Exercise requirements -> Scan the records beneath this line for the line holding "1996 Ford Econoline" and the line holding "Ruínas da Carmelita", then transcribe exactly those two and all lines between.

Items listed in a dataset:
|---|

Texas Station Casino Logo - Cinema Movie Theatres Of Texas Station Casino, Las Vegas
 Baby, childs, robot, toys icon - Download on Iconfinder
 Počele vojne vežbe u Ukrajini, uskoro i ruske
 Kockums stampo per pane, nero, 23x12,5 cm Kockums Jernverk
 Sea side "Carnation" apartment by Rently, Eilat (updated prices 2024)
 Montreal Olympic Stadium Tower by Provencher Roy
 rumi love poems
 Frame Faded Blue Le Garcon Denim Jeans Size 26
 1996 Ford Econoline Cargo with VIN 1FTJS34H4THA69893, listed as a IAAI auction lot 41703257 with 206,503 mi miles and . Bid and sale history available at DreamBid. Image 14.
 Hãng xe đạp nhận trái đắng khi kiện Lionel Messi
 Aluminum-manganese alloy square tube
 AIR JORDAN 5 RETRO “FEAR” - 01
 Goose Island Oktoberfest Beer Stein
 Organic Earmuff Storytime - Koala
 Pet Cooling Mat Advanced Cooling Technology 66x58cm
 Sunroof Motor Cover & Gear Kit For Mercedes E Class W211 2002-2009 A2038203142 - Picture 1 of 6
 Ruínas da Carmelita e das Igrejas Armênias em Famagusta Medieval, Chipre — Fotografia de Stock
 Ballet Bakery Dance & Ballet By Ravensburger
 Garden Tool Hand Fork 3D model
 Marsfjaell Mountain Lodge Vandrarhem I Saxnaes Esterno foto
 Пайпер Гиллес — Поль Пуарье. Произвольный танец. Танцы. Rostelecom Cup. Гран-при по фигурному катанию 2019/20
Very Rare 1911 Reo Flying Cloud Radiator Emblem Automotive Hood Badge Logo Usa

|---|

Completed exercise ->
 1996 Ford Econoline Cargo with VIN 1FTJS34H4THA69893, listed as a IAAI auction lot 41703257 with 206,503 mi miles and . Bid and sale history available at DreamBid. Image 14.
 Hãng xe đạp nhận trái đắng khi kiện Lionel Messi
 Aluminum-manganese alloy square tube
 AIR JORDAN 5 RETRO “FEAR” - 01
 Goose Island Oktoberfest Beer Stein
 Organic Earmuff Storytime - Koala
 Pet Cooling Mat Advanced Cooling Technology 66x58cm
 Sunroof Motor Cover & Gear Kit For Mercedes E Class W211 2002-2009 A2038203142 - Picture 1 of 6
 Ruínas da Carmelita e das Igrejas Armênias em Famagusta Medieval, Chipre — Fotografia de Stock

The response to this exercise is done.